Route Number, Route Description: these are fairly self-explanatory, I hope.
Route Type: divided up into Local, Key, Community, Commuter, Express or NA. The main importance of this field pertains to the goals that each type is expected to meet. There is also a difference in "average fare paid per passenger" for the different types. Under pre-FY2013 budgeting, the average fares are as follows:
- Local, Community and Key routes: $0.76
- Commuter routes: $2.15
- Express routes: $3.08
Average fare is computed by dividing the total revenue for all routes under that type by the number of riders of that type. It is smaller than a single ride cost because of numerous discounts, including senior, student and monthly passes.

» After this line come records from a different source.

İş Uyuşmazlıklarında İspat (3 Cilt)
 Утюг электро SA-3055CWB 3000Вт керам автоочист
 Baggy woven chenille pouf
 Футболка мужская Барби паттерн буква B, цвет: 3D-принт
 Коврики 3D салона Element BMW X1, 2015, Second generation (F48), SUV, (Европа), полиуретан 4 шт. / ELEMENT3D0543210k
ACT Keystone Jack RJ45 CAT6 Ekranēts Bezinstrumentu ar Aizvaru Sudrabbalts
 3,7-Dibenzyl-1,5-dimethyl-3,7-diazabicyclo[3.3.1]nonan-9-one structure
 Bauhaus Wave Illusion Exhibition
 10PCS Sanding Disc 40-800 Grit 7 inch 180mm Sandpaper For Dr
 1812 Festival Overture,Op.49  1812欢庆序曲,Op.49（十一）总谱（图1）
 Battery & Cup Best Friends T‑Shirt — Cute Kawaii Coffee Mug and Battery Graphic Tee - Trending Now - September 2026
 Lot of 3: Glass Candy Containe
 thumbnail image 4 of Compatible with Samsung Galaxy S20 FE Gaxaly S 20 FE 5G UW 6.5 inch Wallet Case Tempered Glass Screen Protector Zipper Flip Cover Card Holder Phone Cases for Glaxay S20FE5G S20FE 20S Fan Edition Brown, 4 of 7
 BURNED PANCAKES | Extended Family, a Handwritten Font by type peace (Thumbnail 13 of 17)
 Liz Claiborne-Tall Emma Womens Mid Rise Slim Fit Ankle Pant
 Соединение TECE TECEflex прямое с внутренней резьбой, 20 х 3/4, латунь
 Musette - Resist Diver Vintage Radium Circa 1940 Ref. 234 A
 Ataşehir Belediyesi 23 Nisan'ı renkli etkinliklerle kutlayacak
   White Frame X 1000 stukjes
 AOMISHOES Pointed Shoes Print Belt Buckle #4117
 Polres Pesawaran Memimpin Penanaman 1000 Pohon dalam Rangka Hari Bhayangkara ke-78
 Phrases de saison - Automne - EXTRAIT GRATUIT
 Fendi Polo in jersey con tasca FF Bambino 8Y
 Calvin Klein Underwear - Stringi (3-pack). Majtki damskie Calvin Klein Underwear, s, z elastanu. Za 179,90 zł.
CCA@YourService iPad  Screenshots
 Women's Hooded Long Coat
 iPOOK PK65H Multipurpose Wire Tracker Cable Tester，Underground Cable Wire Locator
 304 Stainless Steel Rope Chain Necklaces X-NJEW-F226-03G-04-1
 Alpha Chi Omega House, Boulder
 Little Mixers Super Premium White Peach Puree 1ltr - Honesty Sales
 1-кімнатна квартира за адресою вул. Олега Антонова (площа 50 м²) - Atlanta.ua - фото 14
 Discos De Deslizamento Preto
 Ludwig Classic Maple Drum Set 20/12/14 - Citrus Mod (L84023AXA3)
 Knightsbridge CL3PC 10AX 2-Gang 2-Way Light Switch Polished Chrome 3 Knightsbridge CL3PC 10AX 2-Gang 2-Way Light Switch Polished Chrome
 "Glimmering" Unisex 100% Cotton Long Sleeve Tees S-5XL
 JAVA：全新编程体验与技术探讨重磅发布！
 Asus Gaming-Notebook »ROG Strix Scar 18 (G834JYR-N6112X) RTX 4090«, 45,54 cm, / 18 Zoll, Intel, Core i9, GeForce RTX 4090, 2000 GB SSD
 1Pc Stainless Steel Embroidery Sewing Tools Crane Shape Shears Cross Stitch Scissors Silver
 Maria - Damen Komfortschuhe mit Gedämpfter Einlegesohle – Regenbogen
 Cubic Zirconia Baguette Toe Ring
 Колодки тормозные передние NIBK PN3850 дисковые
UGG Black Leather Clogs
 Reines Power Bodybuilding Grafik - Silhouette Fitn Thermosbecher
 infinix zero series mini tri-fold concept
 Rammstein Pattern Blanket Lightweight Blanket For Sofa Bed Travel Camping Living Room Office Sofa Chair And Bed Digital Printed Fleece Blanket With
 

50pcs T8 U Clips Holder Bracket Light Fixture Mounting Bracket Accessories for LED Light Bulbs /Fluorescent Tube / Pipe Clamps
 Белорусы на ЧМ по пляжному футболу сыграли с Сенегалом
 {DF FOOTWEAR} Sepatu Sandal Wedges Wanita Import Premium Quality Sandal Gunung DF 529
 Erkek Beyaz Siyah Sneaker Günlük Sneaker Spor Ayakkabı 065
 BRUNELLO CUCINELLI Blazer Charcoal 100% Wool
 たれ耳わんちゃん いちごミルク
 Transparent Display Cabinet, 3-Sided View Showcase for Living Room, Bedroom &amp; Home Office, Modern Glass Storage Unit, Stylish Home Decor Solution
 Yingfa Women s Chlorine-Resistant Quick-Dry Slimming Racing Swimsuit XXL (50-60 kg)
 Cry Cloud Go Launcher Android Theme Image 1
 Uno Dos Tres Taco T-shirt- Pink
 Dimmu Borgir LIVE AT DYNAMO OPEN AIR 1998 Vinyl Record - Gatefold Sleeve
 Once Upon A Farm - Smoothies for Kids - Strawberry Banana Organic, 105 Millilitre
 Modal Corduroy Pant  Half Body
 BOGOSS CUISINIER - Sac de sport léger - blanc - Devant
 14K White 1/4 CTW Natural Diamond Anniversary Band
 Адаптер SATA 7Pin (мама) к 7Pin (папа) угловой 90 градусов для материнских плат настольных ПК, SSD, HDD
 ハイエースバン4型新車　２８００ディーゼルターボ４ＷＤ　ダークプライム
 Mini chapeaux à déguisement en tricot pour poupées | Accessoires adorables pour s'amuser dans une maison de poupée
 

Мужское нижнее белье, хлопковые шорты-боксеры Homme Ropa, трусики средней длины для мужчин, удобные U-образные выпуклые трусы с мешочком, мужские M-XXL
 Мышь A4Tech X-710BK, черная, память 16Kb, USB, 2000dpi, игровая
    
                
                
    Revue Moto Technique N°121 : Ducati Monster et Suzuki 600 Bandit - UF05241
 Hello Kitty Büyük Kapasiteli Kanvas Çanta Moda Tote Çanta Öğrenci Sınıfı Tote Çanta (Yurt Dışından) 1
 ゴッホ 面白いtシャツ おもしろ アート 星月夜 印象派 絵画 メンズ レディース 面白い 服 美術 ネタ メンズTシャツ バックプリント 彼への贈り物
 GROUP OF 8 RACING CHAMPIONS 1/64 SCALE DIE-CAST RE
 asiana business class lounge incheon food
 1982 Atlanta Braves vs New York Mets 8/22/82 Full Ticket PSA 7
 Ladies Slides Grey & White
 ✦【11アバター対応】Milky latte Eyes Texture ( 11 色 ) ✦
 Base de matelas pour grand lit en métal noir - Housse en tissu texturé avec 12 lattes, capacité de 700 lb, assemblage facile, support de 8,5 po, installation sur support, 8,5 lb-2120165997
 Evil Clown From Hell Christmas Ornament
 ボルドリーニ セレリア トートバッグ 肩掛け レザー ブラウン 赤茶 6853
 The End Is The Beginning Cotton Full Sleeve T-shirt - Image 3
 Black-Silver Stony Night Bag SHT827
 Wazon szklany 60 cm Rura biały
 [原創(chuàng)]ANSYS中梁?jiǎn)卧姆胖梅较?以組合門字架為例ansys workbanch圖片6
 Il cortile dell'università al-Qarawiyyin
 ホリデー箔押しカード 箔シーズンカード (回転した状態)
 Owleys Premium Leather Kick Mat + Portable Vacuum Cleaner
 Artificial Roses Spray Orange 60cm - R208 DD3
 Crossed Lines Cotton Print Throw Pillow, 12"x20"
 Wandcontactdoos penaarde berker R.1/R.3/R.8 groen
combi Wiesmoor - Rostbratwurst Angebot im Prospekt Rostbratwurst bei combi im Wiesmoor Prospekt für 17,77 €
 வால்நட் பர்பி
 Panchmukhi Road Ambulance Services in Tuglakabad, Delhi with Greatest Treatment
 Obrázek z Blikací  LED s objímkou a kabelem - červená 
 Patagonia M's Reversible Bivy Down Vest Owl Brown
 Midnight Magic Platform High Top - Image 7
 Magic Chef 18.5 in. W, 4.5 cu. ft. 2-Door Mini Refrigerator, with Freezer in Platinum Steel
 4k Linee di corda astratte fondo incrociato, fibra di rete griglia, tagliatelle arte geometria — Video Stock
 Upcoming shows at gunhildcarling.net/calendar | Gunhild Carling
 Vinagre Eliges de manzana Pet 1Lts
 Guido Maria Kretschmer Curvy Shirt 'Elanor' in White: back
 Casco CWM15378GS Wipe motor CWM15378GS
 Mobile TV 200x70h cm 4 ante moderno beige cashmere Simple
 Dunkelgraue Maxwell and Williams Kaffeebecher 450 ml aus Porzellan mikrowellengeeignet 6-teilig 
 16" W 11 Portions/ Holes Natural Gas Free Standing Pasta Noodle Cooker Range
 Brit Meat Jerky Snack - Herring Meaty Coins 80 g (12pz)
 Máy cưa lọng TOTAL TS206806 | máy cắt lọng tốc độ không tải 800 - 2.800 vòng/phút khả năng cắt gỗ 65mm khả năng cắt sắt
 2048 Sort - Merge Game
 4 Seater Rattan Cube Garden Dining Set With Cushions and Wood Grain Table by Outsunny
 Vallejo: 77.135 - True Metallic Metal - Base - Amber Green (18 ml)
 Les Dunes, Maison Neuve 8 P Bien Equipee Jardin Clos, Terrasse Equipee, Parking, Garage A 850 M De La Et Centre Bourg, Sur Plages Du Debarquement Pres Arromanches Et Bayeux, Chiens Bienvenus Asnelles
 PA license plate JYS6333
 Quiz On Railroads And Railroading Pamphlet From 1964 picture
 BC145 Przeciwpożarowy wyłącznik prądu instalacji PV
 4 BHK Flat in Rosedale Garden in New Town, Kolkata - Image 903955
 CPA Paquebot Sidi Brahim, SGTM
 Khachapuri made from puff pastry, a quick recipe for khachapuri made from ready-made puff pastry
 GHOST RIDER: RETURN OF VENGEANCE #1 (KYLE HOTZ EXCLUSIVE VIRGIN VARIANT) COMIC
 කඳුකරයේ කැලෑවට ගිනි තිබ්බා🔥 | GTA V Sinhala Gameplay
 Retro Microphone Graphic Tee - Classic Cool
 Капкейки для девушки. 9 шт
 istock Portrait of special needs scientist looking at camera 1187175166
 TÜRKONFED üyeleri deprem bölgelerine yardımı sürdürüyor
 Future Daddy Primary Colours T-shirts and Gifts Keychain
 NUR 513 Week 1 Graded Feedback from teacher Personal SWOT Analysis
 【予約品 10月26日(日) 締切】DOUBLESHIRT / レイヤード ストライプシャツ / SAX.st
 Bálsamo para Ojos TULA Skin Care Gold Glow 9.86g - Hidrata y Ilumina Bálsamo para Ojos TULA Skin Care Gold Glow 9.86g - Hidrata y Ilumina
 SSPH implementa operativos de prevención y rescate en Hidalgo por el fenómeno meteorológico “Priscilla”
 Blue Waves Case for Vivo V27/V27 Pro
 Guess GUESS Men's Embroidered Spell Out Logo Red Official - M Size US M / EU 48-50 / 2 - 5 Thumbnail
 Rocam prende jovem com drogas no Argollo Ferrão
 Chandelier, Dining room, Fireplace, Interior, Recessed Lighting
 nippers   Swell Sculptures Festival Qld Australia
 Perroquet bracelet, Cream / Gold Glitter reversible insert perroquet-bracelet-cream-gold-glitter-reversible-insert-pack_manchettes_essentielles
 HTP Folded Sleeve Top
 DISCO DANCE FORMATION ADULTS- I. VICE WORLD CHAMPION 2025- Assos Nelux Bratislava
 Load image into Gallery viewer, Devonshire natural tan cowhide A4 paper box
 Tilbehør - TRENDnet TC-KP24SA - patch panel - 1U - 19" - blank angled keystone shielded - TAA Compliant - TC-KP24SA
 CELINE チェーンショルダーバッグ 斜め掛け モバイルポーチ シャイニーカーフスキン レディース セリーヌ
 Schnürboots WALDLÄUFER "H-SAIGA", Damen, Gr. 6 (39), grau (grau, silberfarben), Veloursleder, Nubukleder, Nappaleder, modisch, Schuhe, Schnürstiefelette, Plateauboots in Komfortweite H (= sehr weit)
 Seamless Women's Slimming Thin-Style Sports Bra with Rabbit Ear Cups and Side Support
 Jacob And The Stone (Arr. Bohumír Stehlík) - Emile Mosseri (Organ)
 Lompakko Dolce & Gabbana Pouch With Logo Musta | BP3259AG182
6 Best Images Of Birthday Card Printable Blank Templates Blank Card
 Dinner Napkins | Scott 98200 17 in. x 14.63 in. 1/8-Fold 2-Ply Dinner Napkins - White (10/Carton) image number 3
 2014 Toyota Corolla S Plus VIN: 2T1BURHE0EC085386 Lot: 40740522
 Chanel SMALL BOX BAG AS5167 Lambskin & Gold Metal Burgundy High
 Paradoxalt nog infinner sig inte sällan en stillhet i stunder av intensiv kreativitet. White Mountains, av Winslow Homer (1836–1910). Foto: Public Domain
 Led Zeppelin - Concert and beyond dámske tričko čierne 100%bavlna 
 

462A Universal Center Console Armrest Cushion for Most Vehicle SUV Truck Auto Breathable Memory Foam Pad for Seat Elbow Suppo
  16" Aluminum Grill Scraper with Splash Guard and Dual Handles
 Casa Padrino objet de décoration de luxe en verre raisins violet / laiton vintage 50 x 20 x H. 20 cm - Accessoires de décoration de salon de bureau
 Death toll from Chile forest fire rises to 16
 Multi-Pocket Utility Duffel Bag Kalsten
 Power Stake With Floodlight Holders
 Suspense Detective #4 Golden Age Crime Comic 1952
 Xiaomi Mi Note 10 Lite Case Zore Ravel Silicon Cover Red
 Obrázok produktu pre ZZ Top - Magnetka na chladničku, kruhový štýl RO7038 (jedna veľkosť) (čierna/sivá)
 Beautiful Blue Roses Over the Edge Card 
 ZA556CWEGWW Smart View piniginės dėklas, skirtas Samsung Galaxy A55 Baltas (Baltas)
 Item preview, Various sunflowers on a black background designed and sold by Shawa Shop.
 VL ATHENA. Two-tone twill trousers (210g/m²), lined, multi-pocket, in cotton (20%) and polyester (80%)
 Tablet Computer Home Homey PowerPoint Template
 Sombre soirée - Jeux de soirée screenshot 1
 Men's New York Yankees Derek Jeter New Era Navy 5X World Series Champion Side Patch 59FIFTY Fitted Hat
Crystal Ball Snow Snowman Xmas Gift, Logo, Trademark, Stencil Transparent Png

CTPS projections of the impacts of last year's fare increase seem to indicate that the new average fares will be approximately 23-24% higher, e.g. at $0.94 for local routes, but we won't know for sure until more data is released. Note that SL1, SL2 service counts as Rapid Transit for average fare purposes ($1.39) but SL4, SL5 receive the local bus average fare per passenger.
Net Cost per Passenger: This number is calculated by taking the difference between operating cost and revenue and dividing by ridership, for each route. However, revenue for each route is computed by taking the average fare for the route type and multiplying it by ridership, so it is not actually revenue that is specific to that particular route. In other words, Net Cost per Passenger is really operating cost per passenger minus average fare.
A common confusion with this metric is that it represents an amount that each additional passenger costs the T. That's not what this means. Take the popular route 1 bus which has a net cost per passenger of $0.63. If I decide to wander down to Mass Ave and hop on the bus, it does not cost the T an extra sixty-three cents. Instead, the T has invested approximately $18,500 dollars on a typical weekday to operate the full schedule of route 1 service. There are normally about 13,300 riders on a typical weekday, giving the net cost of (18,500 / 13,300) - 0.76 = $0.6309. Now add my trip to that total, and you end up with (18,500 / 13,301) - 0.76 = $0.6308, an ever so slight reduction in net cost per passenger. Bus service is a fixed cost, the net cost per passenger is the fixed amount distributed over all the users of the service, that's all.
The astute may notice that some routes have negative net cost per passenger. For example, the SL5 is ($0.03). This is a good thing, but once again, for the same reason, it shouldn't be treated as if each additional rider is profiting the T by three cents. It should also be noted that there are additional costs besides operating costs, which are computed by a formula which only factors in revenue hours and revenue miles.
The net cost per passenger metric is best used as a comparison between MBTA bus routes to see which ones are efficiently and effectively serving customers.
Service Delivery Policy Standards: A set of requirements for frequency, span, crowding, and cost which are more fully outlined in the Service Delivery Policy. Basically: is the service decently usable, and is it not costing us too much?
Ridership Info: This includes both daily (weekday) ridership, as up-to-date as currently available (seems to be 2010) and average rides per trip. The ridership numbers are not from the farebox, so they should reflect real ridership including people who show their passes and don't interact with the automatic fare collection machinery. The average rides per trip is simply ridership divided by number of (one-way) trips, which is intriguing, but the numbers currently shown are actually junk due to an error in formatting. Hopefully that will be remedied in the next RPI release.
Thanks to the MBTA's scheduling team for getting this data out, hopefully it will be expanded in the near future. I'm also looking forward to the next edition of the Blue Book.